The petitioner filed a return in pursuance of the notice of the Collector who was competent authority in this case. According to this return the petitioner held 154 Bighas, 10 Biswas of land in Chak Mahu, 77 Bighas, 7 Biswas in village Perwasa and no land in village Mahmuda. The competent authority, however, held that the petitioner holds 297 Bighas, 19 Biswas of land, that is 117.77 acres, and making an allowance for the petitioner and his dependents, 65.66 acres were declared surplus. Being aggrieved by this order the petitioner filed an appeal before the Commissioner, Bhopal Division, which was dismissed by the learned Additional Commissioner. The petitioner then went up in revision against the appellate order but his revision petition was rejected by the Board on the ground that it was not maintainable as no revision lies against an appellate order under the Act (vide Annexure 'A'). Being aggrieved by the aforesaid order the petitioner has filed this petition praying that the impugned order of the Board may be set aside and an appropriate writ be issued to the Board to hear the revision petitions on merits.
No returns have been filed on behalf of the non-petitioners No. 1 and 2 i.e. the Board and the Additional Commissioner, Bhopal. The non-petitioners Nos. 3 and 4, namely, the Collector Vidisha, and the State of M.P.have filed a return in which it has been contended that the revision petitions were rightly dismissed as no revision lies against the said orders.

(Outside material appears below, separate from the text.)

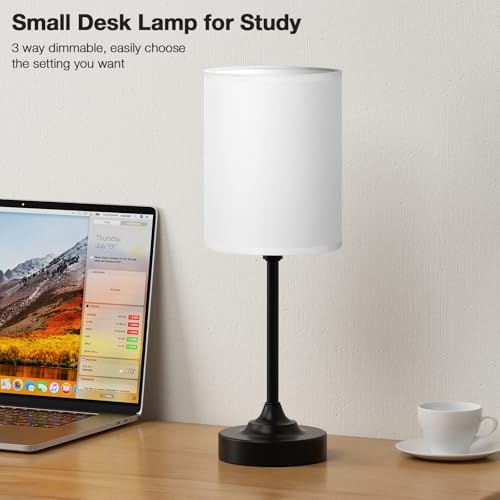 Touch Nightstand Bedroom Lamp - 3 Way Dimmable Bedside Lamp, Small Table Lamp Linen Lampshade for Office Desk, LED Bulb Included - color: White Shade-Black Base, size: 14" Touch Control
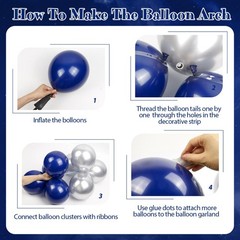 Blue and Silver Birthday Decorations, Blue White Silver Balloons Banner Table…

It was also urged that the petitioner ought to have filed two separate petitions as the impugned order (Annexure 'A') deals with two separate revisions against two distinct orders.
(3.) WE are unable to accept the contention of the non-petitioners that the petitioner could not challenge the impugned order as a whole which disposed of two separate revision petilions particularly because both the petitions arise out of the proceedings under the Ceiling on Agricultural Holdings Act, 1960, against the petitioner and they were disposed of by a common order and the questions of law involved are almost identical.
As for the merits of the petition it is not necessary for us to go into the merits of the orders which the petitioner sought to challenge before the Board. The only point that arises for consideration in this case is whether the revision petitions filed by the petitioner before the Board were maintainable. The Board held that they were not maintainable in view of its decision in Satya Narayan v. Slate of M. P.(1968 RN 554) in which the earlier decision of the Board in shiv Govind v.State of M.P.(1968 RN 400) was relied upon. In the aforesaid decision it has been laid down by the Board as under :-
(i) An appeal or revision against an order of the Competent Authority under the Act lies to the Collector or the Commissioner as the persona designata and not the Court concerned; (ii) The intention of the Legislature to exclude the operation of section 50 of the M.P. Land Revenue Code (hereinafter referred to as the 'Code') from a case under the Ceiling Act, and from the language of sections 41 and 42 of the Act it is clear that the Legislature did not intend to provide revision against an order passed in appeal or revision in order to shorten the litigation.